─── Stored data

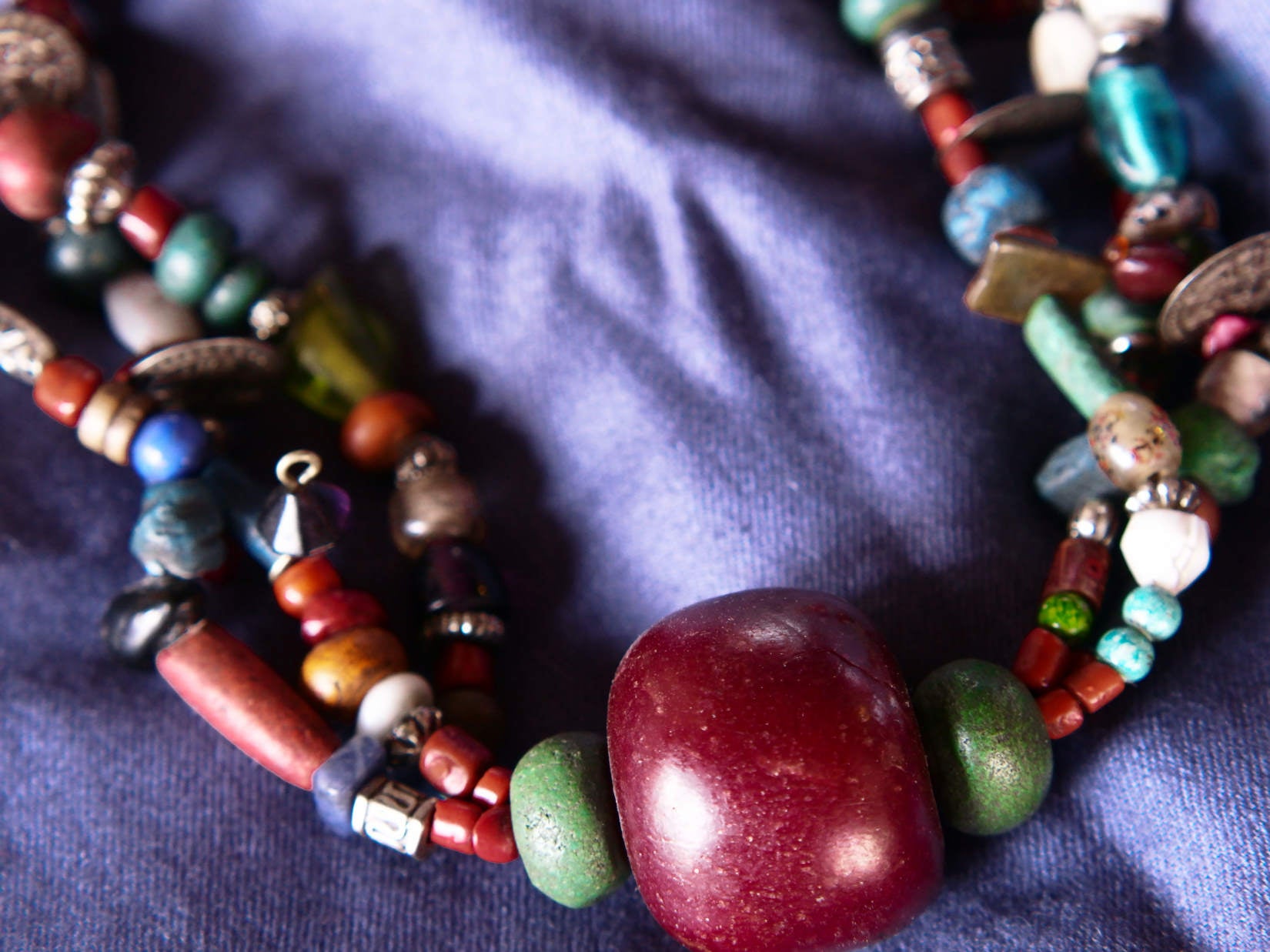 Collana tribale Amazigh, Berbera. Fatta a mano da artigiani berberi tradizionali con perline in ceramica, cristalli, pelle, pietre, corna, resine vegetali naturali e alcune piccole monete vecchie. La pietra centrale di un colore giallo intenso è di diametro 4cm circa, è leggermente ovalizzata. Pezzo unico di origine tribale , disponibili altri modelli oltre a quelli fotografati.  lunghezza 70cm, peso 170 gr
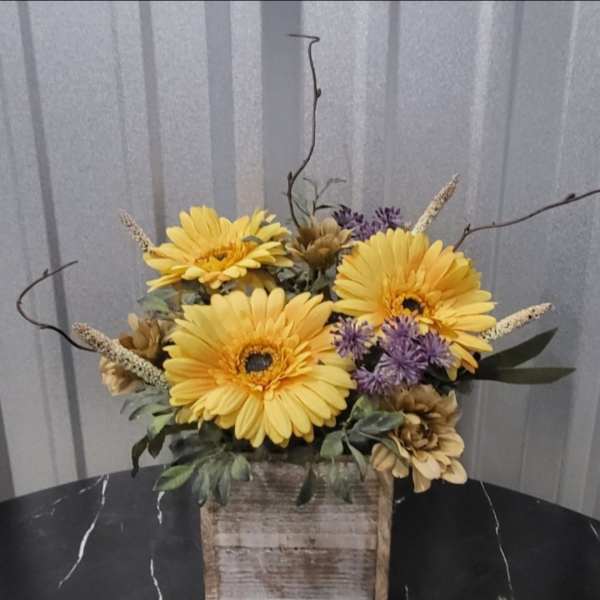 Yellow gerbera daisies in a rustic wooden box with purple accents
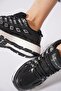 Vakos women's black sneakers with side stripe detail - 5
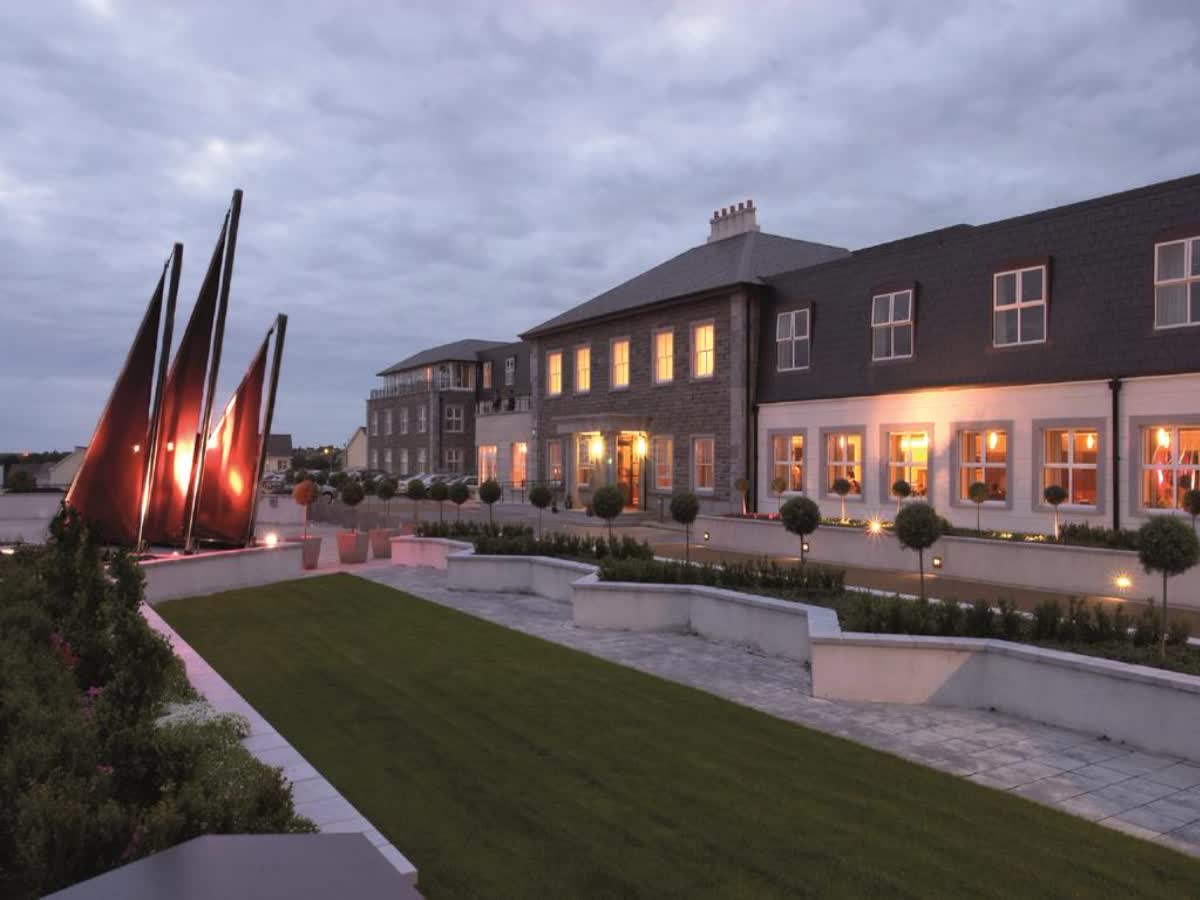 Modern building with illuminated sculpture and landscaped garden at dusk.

──────

For the material above, repeat each line exactly and leave out the pictures.

 Collana tribale Amazigh, Berbera. Fatta a mano da artigiani berberi tradizionali con perline in ceramica, cristalli, pelle, pietre, corna, resine vegetali naturali e alcune piccole monete vecchie. La pietra centrale di un colore giallo intenso è di diametro 4cm circa, è leggermente ovalizzata. Pezzo unico di origine tribale , disponibili altri modelli oltre a quelli fotografati.  lunghezza 70cm, peso 170 gr
 Yellow gerbera daisies in a rustic wooden box with purple accents
 Vakos women's black sneakers with side stripe detail - 5
 Modern building with illuminated sculpture and landscaped garden at dusk.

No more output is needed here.